Functions stepUp(), stepDown() and stepAny() provide smooth, S-shaped step functions that are useful for "softening" abrupt transitions between two values.
Functions that return the first three derivatives of these step functions are also provided.
y=stepUp(x) for x=0:1 returns a smooth, S-shaped step function y(x), symmetric about the midpoint x=0.5, such that y(0)=0, y(1)=1, y'(0)=y''(0)=y'(1)=y''(1)=0, where the primes indicate differentiation with respect to x.
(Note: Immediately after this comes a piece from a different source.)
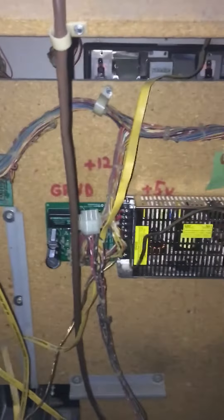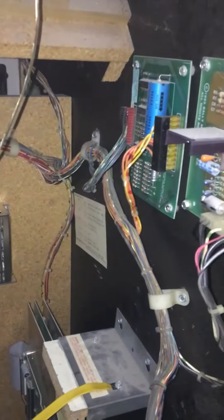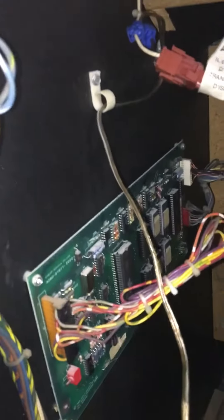I had to get a new harness for this — new meaning new to this machine. It's an original harness out of a machine a guy was parting out, because the old harness was hacked up. And in order to do that, they had to bypass the cheapsqueak.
No guarantees are made about the behavior of higher derivatives except to say that y''' does exist.
y=stepDown(x) for x=0:1 is a mirror image S curve that takes y down from 1 to 0 smoothly as x goes from 0 to 1. As with stepUp() y' and y'' are 0 at both ends, but here y(0)=1 and y(1)=0.
The stepAny() function is also available to make a step function that takes y smoothly from y0 to y1 as x goes from x0 to x1.
We also provide functions that calculate the first three derivatives of stepUp(), stepDown(), and stepAny(), namely: dstepUp(), d2stepUp(), d3stepUp(), and similarly dstepDown(), dstepAny() and so on. Note again that the third derivative is not guaranteed to be well behaved.
Costs of the current implementations of these inline functions are:
The corresponding stepDown() methods cost one extra flop; the stepAny() methods cost 6 extra flops (provided you do some precalculation; see the stepAny() documentation).